REQUIRED ACTION:
Using the listing below, print the line containing "2 Bedroom Flat", the line containing "Bongacams Free Porn Cam of LisaModel", and each line between them, exactly and nothing else. Pictures stay out of the print.

EXERCISE MATERIALS:
= Beginning of Section =
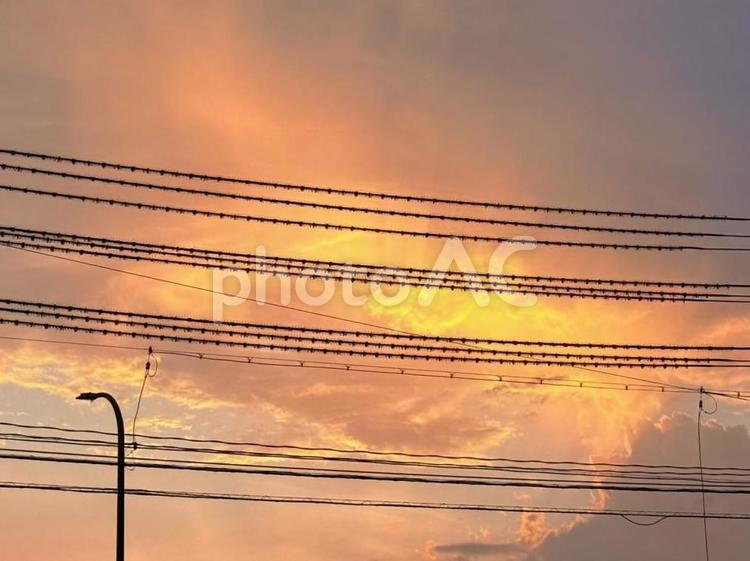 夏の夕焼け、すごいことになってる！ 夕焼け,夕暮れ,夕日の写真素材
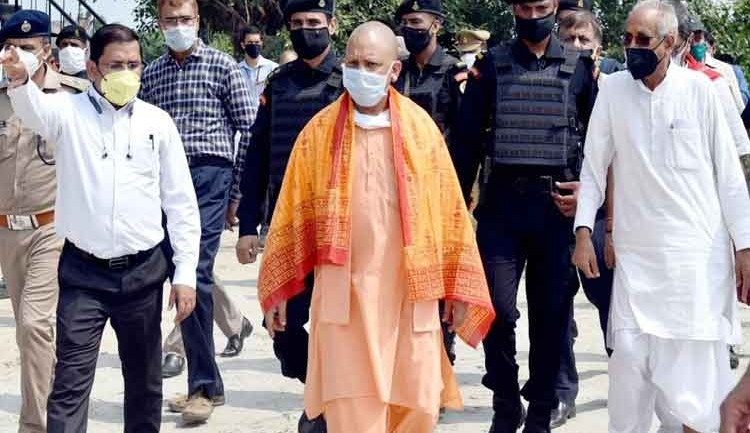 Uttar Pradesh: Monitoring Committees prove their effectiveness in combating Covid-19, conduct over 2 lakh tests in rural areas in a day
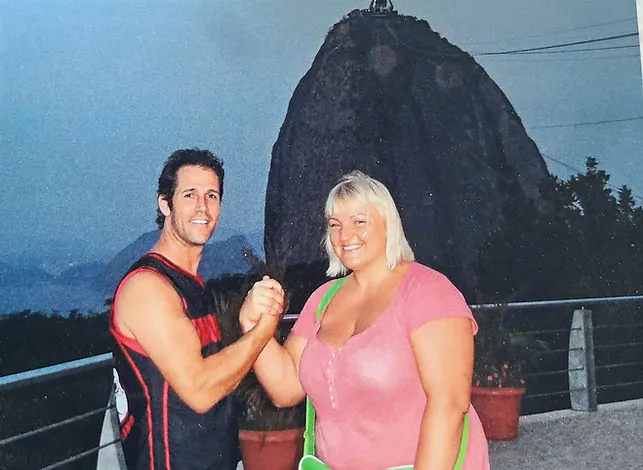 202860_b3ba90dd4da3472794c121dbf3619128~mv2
= End of Section =
= Beginning of Section =
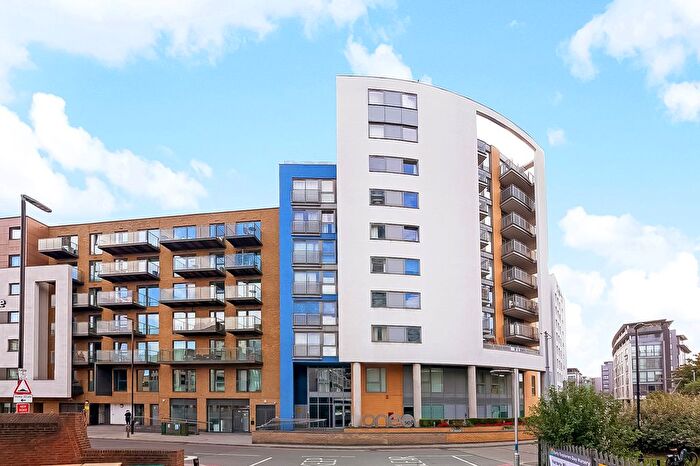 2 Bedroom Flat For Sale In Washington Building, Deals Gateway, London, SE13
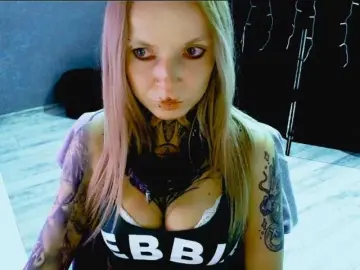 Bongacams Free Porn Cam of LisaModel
= End of Section =
OUTPUT OF THE EXERCISE:
 2 Bedroom Flat For Sale In Washington Building, Deals Gateway, London, SE13
 Bongacams Free Porn Cam of LisaModel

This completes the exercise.